* [Instructions to follow]: Leaving out every picture, please repeat exactly the line that contains "Motorhome hire Dalkeith" and each line after it through the final line below.

* [Data shown]:
╭──
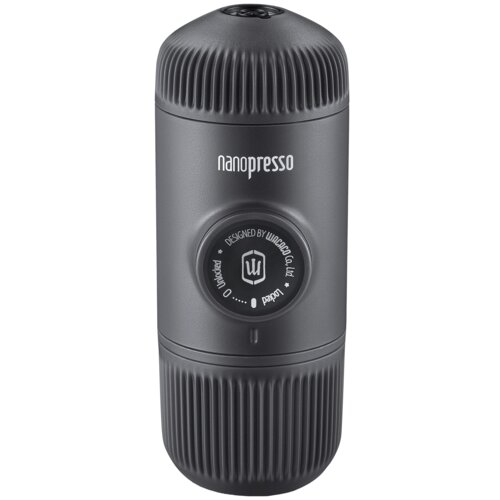 Szary ekspres do kawy o cylindrycznym kształcie z widocznym napisem "nanopresso" na górnej części oraz okrągłym elementem z napisem "DESIGNED BY WACACO Co. Ltd" i symbolami "Unlocked" oraz "Locked" na środku. Produkt ma żebrowane wykończenie na obu końcach.
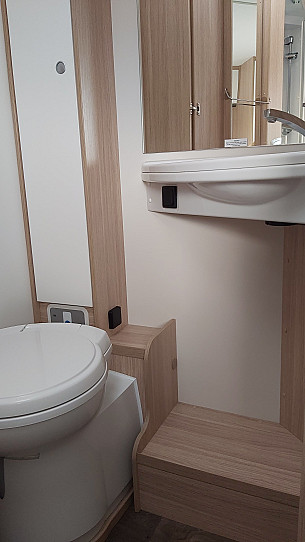 Motorhome hire Dalkeith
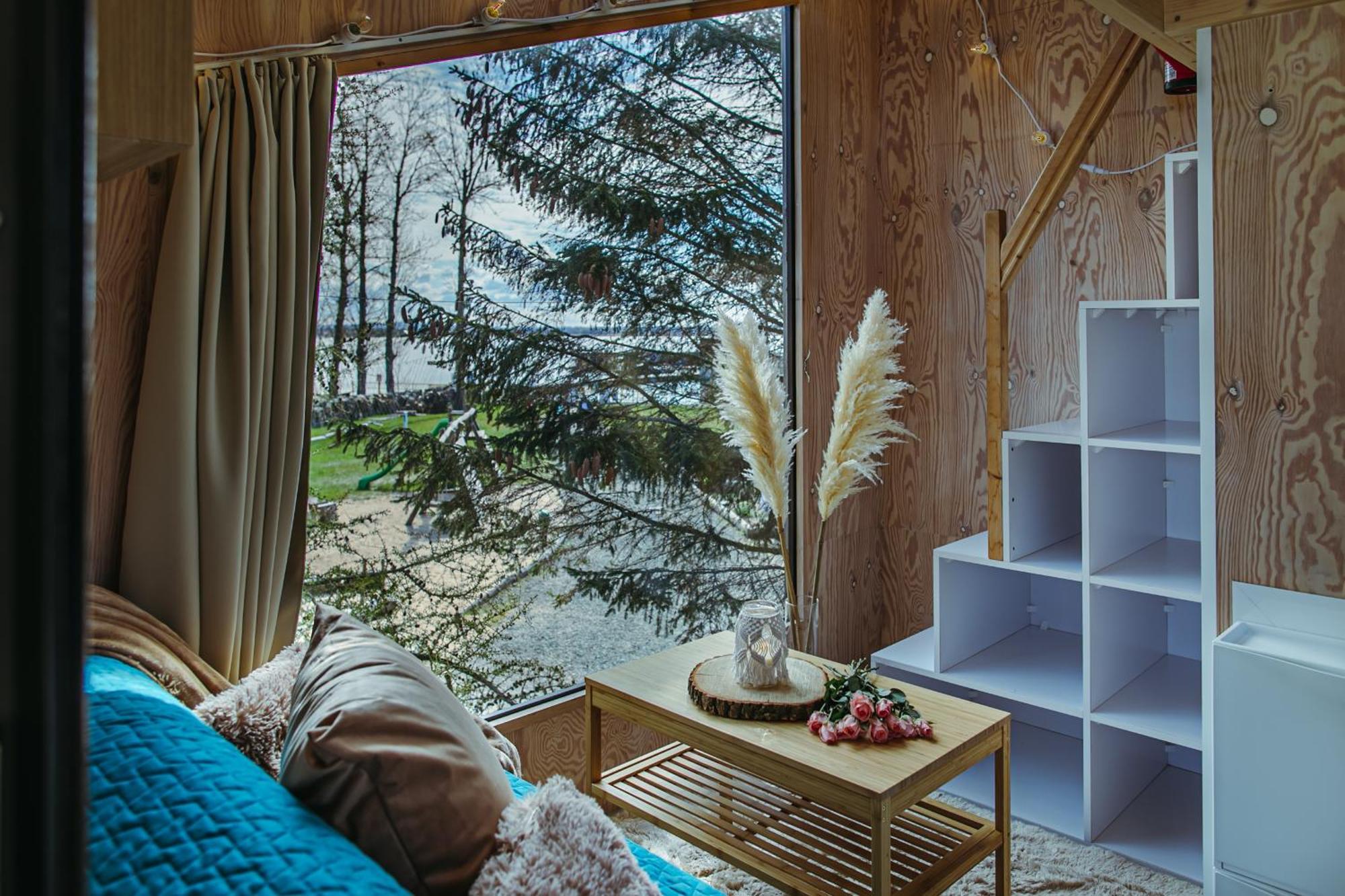 Herbals - Tree&Lake Houses With Bath, Sauna, Bikes, Motorboat Mielno  Rom bilde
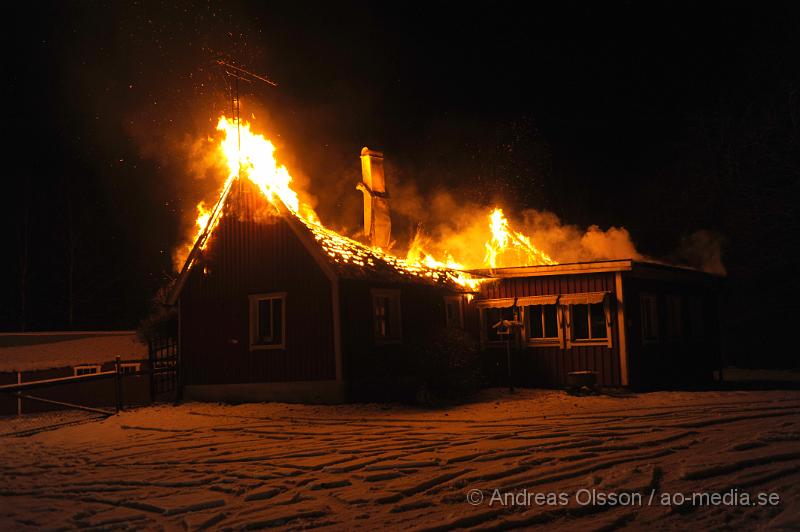 _DSC5588.JPG - Vid 3 tiden larmades räddningstjänsten från perstorp och hässleholm samt polis och ambulans till en villabrand i Ebbarp utanför Perstorp. När räddningstjänsten kom fram var villan redan övertänd. Perstorps släckbil gled av den smala vägen upp till villan och blockerade vägen så man fick dra slang ett par hundra meter fram till villan. En person fanns i villan när branden startade men kunde själv ta sig ut. Man misstänker att branden kan ha starta i en öppen spis eller i skorstenen.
╰──
* [Answer to this exercise]:
 Motorhome hire Dalkeith
 Herbals - Tree&Lake Houses With Bath, Sauna, Bikes, Motorboat Mielno  Rom bilde
 _DSC5588.JPG - Vid 3 tiden larmades räddningstjänsten från perstorp och hässleholm samt polis och ambulans till en villabrand i Ebbarp utanför Perstorp. När räddningstjänsten kom fram var villan redan övertänd. Perstorps släckbil gled av den smala vägen upp till villan och blockerade vägen så man fick dra slang ett par hundra meter fram till villan. En person fanns i villan när branden startade men kunde själv ta sig ut. Man misstänker att branden kan ha starta i en öppen spis eller i skorstenen.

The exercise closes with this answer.